Ich war lange noch nicht wieder auf der Höhe, doch gezwungen in der Woche nach meiner Selbstentlassung aus dem Krankenhaus wieder arbeiten zu gehen. Ich war nun insgesamt 6 Wochen krankgeschrieben, das heißt 6 Wochen ohne Gehaltsfortzahlung. Jede weitere Woche kostete mich richtig viel Geld. Klar, steht mir theoretisch Sozialhilfe zu in so einem Fall, doch die Realität sind anders aus: nachdem ich pflichtbewusst alle Formulare ausgefüllt hatte, sie von meinem Arzt, unterschreiben ließ sowie auch von meinem Arbeitgeber, sie dann weggeschickt hatte, wartete ich, und warte noch heute. Ich habe nichts bekommen. Ironischerweise bekam ich zwar eine Bestätigung für die Zeit mit meinem Arm, jedoch Geld kam bei mir nie an. Ich hatte auch keine Kraft dahinterher zu laufen. Das jedoch war nur der Anfang von einem Riesenfinanzfiasko…

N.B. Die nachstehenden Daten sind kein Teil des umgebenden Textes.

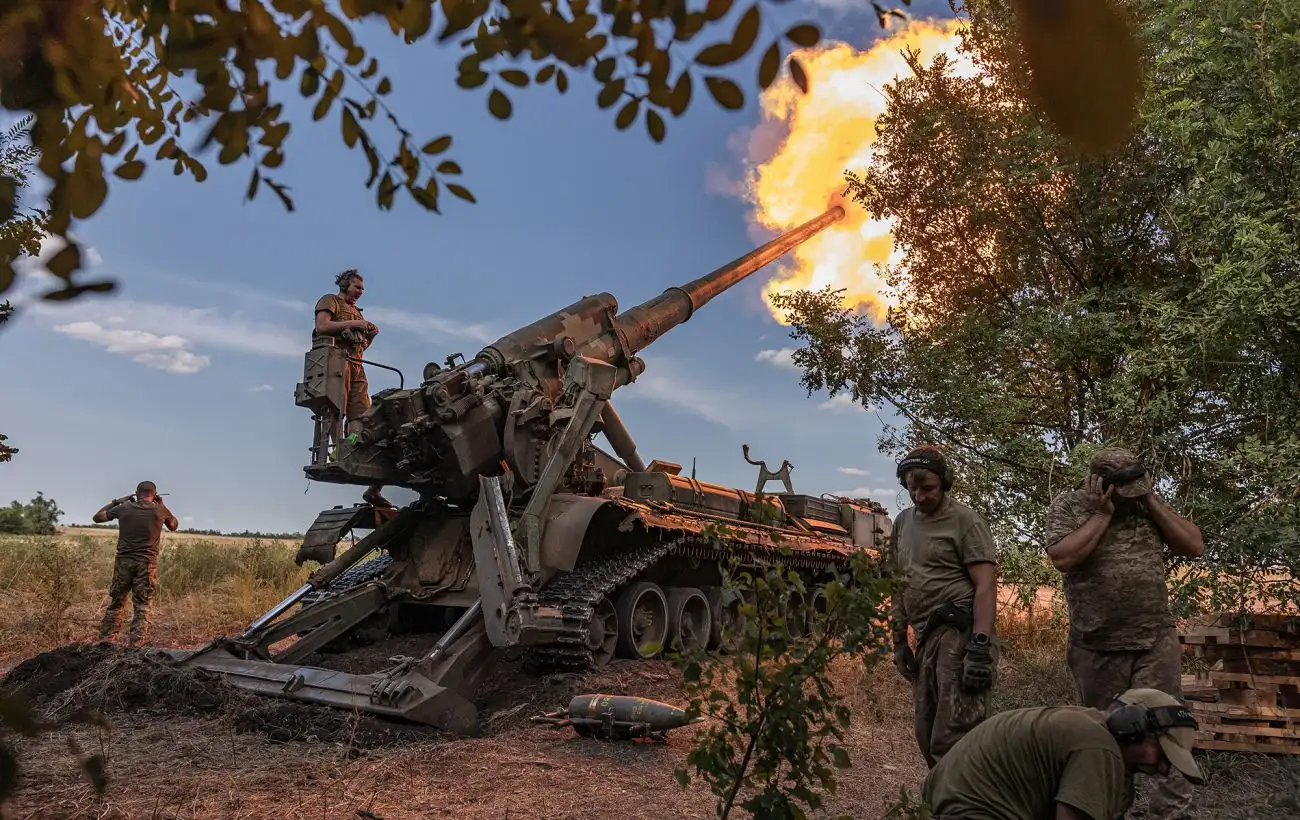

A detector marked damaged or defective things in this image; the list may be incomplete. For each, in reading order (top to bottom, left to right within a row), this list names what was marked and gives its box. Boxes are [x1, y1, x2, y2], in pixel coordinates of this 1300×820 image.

rust on gun barrel [616, 205, 847, 353]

Es kotzte mich an, dieser Job ging mir sowas von auf den Keks aber ich hatte mich ja selbst in diese Situation gebracht. Durch Chico war ich nicht mehr so mobil um jederzeit nach Dublin umzuziehen denn in diesem Kaff gab es leider keine andere Jobmöglichkeit. Wie oft schon hatte ich es versucht und mich beworben auf die wenigen adäquaten Stellen, die hier angeboten werden. Aber egal was für eine Qualifikation man hier hat, es werden natürlich immer Iren vorgezogen. Auch innerhalb der Firma war es sogar noch schlimmer. Wer hier am besten Arschkriechen kann, der kommt voran. Strohdumme Italiener schienen da ein ganz besonderes Talent zu haben. Dazu kam, dass sie wohl teilweise attraktiv auf gewisse irische weibliche Personen wirkten, die Einfluss auf die Jobverteilung innehatten. Das bin ich nicht und konnte ich noch nie. Im Gegenteil, manchmal übertreibe ich es damit, meiner Meinung lauthals Gehör zu verschaffen. Auf meine Kollegen hätte ich auch durchaus verzichten können. Die gingen mir alle am Popo vorbei. Allein schon dieses verlogene „ach wie schön, dass Du wieder da bist!“ Das nächste was ich erfuhr war, dass wieder einmal Samstagsarbeit verordnet worden war. Na meinetwegen, aber ohne mich! Ich hatte meiner Chefin gleich vom ersten Tag an den Wind aus den Segeln genommen und ihr ganz klar gesagt, dass ich mir nicht mehr den Arsch aufreißen würde für die Firma, sondern nur noch Dienst nach Vorschrift machte. Am Ende meiner ersten Woche kam dann eine Schockmeldung: mein Chef wurde nach etwa 20 Jahren Betriebszugehörigkeit von einem Tag auf den anderen gefeuert. Ich war wie erstarrt. Diese Firmenleitung hatte absolut keine Skrupel und nahm auf soziale Hintergründe keine Rücksicht. Abgesehen davon, dass mein Chef, so ziemlich die einzig menschliche leitende Person war, hatte er Familie, ein Haus abzubezahlen, sich gerade ein neues Auto gekauft.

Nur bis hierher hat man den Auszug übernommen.